Recently I stumbled upon an excellent blog post by Melissa Perri, a product manager and UX designer. In this post she describes a way named ‘the product kata’.

The product kata starts with defining the direction: the problem, job or task I want to address.
After a listening tour with the different stakeholders (including clients and users), the requirements list and a contextual observation of the current solution I can at least give a rough description of the problem.

These steps help me to get a basic understanding of the domain and the current situation. In my old way of doing things I would now rush towards the solution. I would identify the next step(s) bearing the most value for the client and along the way remove the shortcomings of the current solution. But wait. The product kata proposes a different way.

A different way

Let’s use an example from a real project. Say the client needs a way to check incoming values measured by some sensors. The old solution plots these values over time in a chart. It lacks important contextual information, has no notion of what ‘checking the values’ mean and therefore cannot document the check result. Since the process of checking the values is central to the business we need to put it first and foremost. Following the product kata I define the direction as ‘check the sensor values’.

Direction: check the sensor values

To see if I reached the goal the kata needs a target condition which I define as ‘the user should be able to check the sensor values and record the check result’.

Target condition: the user should be able to check the sensor values and record the check result

Currently the user isn’t able to check anything. So the next step of the kata is to look at the current condition. If the current condition matches the target condition I am done. The current condition in my example is that the user cannot check the sensor values in the right way.

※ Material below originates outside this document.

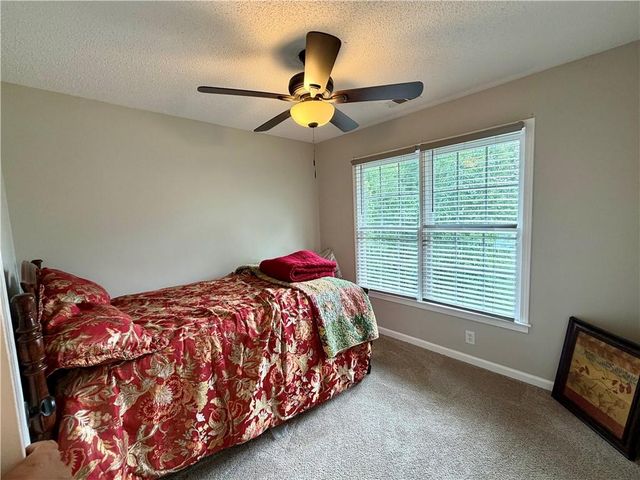 63 Centerport Drive, White, GA 30184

Current condition: the user cannot check the values in the right way

The first obstacle to achieving the target condition is that I don’t know what the right way is. Since the old solution lacks some important information to fulfill the check my first obstacle I want to address is to find out what information does the user need.

Obstacle: what additional information (besides the values themselves) does the user need

Since the product kata originates from lean product management I need to find an efficient step which addresses this obstacle. In my case I choose to make a simple paper sketch of a chart and interview the user about which data they needed in the past.

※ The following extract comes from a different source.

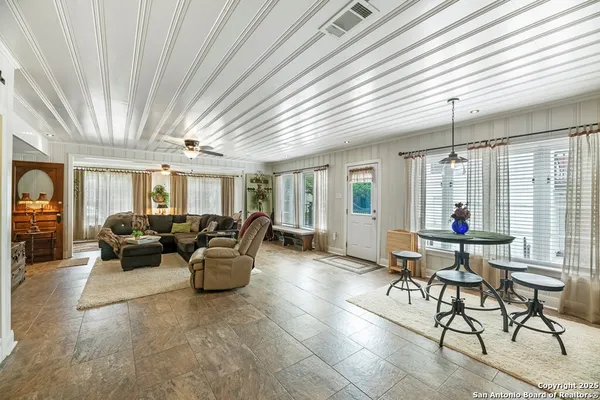 $554,000 | 1001 North Adams Street, Beeville, TX 78102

Step: paper sketch of chart (to frame the discussion) and interview about information needed in the past

I expect to collect a list with all the information needed.

Expected: a list of past data sources which helped the user in his check process

After doing this I learned what information should be displayed and which information (from the old solution) was not needed in the past.

Learned: two list of things: what was needed, what not

Now I repeat the kata from the start. The current condition still not matches the target condition. My next obstacle is that we do not know from the vast resources of information that is needed and the possible actions during the check which are related, form a group or are the most important ones. So my next step is to do a card sort with the users to take a peek into their mental model. I expect to find out about the priorities and grouping of the possible information and actions.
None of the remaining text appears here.